Continuing high rates of teenage pregnancy, relatively low levels of young people in education, employment or training and problems of alcohol abuse in young teens push the UK down the international league table.
Unicef said the situation facing young people in Britain is "expected to worsen" as a result of government policies, and it warns that "since 2010 the downgrading of youth policy and cuts to local government services are having a profound negative effect on young people".
Unicef says although the picture for British children may appear better than when the charity last compiled a league table – which put it at the bottom of a 21-country list in 2007 – their prospects are worsening once more as the cuts threaten to "sideline" a generation.
The country is placed 29th on further education – bottom of the list of developed nations in Unicef's report – 27th on teenage pregnancy, and on youth unemployment it is ranked 24th.
The charity's report cites more than £300m – or 26% cuts – in budgets for young people's services in England in 2011-12 and other warnings that 400,000 more children will be in child poverty in 2015-16 from the Family and Parenting Institute and Institute for Fiscal Studies.
Anita Tiessen, the deputy executive director of Unicef UK, said: "There is no doubt that the situation for children and young people has deteriorated in the last three years with the government making policy choices that risk setting back children in their most serious stages of development ….

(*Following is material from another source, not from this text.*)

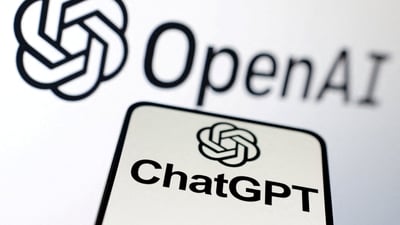 OpenAI and ChatGPT logos are seen in this illustration taken, February 3, 2023. (REUTERS)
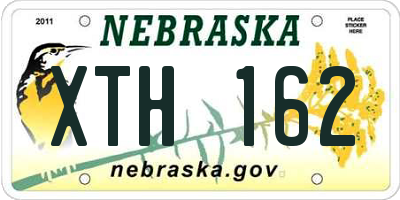 NE license plate XTH162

"The government needs to acknowledge this and act now. While children and young people will be the first to bear the brunt if we fail to safeguard their wellbeing, over time society will pay the price."
The report draws on statistics from 2010 and shows a general improvement in children's experiences over the first decade of this century, compared with the previous scorecard from 2007, which looked at data from 2001/2.
But Unicef says further education participation rates in the UK are falling below 75%, compared with 80% in other developed countries.
The country is in the bottom third of the table for infant mortality, with a rate of 4.4 per 1000 live births, double the rate of Sweden or Finland and below Estonia and Slovenia. Furthermore, the report says that about 20% of 11-15-year-olds in the UK report having been drunk at least twice, and there is a teenage pregnancy rate of more than 30 per 1000.
The Unicef report, which suggests Labour policies in the first decade of the century had paved the way for improvements which are now under threat, follows international charity Save The Children's first domestic fundraising appeal last autumn to help families hit by the cuts and recession.
The overall table was topped by the Netherlands, the only country ranked among the top five countries in all dimensions of child wellbeing.
The first covers both relative poverty and the proportion of children being deprived of access to materials such as three meals a day, books suitable for their age and development, bikes or roller skates, indoor games, appropriate clothing or an internet connection. Others are health and safety, educational wellbeing, proper housing and environment, and a "behaviours and risks" category covering factors such as teenage fertility, smoking, alcohol and cannabis use, fighting, bullying, being overweight or lacking exercise and daily breakfast and fruit.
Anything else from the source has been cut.